Gilligan v CJS Bldrs. |
2019 NY Slip Op 09105 |
Decided on December 19, 2019 |
Appellate Division, First Department |
Published by New York State Law Reporting Bureau pursuant to Judiciary Law § 431. |
This opinion is uncorrected and subject to revision before publication in the Official Reports. |
Decided on December 19, 2019
Friedman, J.P., Webber, Gesmer, Kern, JJ.
10619 154536/15
v
CJS Builders, et al., Defendants-Respondents, CJS Industries Ltd., et al., Defendants. [And a Third-Party Action.]
CJS Industries, Inc., etc., Second Third-Party Plaintiff-Respondent,
v
Complete Construction Contracting Corp., Second Third-Party Defendant-Appellant.
11 West 42 Realty Investors, LLC, Third Third-Party Plaintiff,
v
Complete Construction Contracting Corp., Third Third-Party Defendant-Appellant.
Hannum Feretic Prendergast & Melino, LLC, New York (Steven R. Dyki of counsel), for appellant.
Law Office of James J. Toomey, New York (Michael J. Kozoriz of counsel), for respondents.
Order, Supreme Court, New York County (David B. Cohen, J.), entered March 30, 2018, which, to the extent appealed from as limited by the briefs, granted the cross motion of defendant/second third-party plaintiff CJS Industries, Inc. t/a CJS Builders (CJS) for summary judgment dismissing plaintiffs' common-law negligence and Labor Law § 200 claims as against it, and on its third-party claim for contractual indemnity against second and third third-party defendant Complete Construction Contracting Corp. (Complete), unanimously affirmed, without costs.
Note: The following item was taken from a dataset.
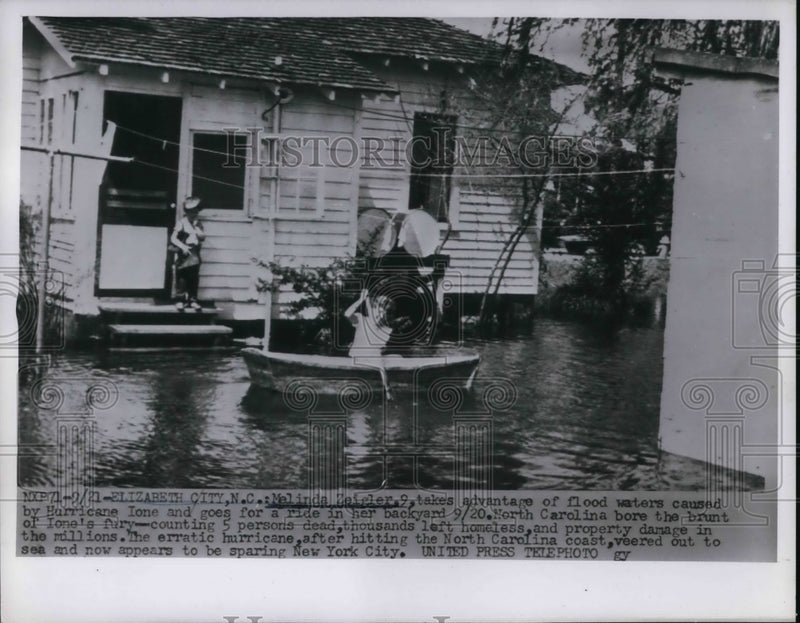 Load image into Gallery viewer, 1955 Press Photo Melinda Zeigler in flood waters caused by Hurricane Ione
Plaintiff John Gilligan was injured when he fell several feet from a scaffold. This accident arose out of the means and methods of his work, and not, as Complete contends, a dangerous or defective premises condition (see Cappabianca v Skanska USA Bldg. Inc., 99 AD3d 139, 144 [1st Dept 2012]). Accordingly, since CJS showed that it did not exercise the requisite degree of control over the means and methods of the work in which Gilligan was engaged at the time of his accident, CJS was entitled to summary judgment dismissing the common-law negligence and Labor Law § 200 claims (see Francis v Plaza Constr. Corp., 121 AD3d 427, 428 [1st Dept 2014]; Alonzo v Safe Harbors of the Hudson Hous. Dev. Fund Co., Inc., 104 AD3d 446, 449 [1st Dept 2013]).
In view of the foregoing, CJS also established its entitlement to full contractual indemnification from Complete pursuant to the express terms of its indemnification agreement (see Guzman v 170 W. End Ave. Assoc., 115 AD3d 462, 463 [1st Dept 2014]; see generally Masciotta v Morse Diesel Intl., 303 AD2d 309, 310 [1st Dept 2003]).
We have considered Complete's remaining contentions and find them unavailing.
THIS CONSTITUTES THE DECISION AND ORDER
OF THE SUPREME COURT, APPELLATE DIVISION, FIRST DEPARTMENT.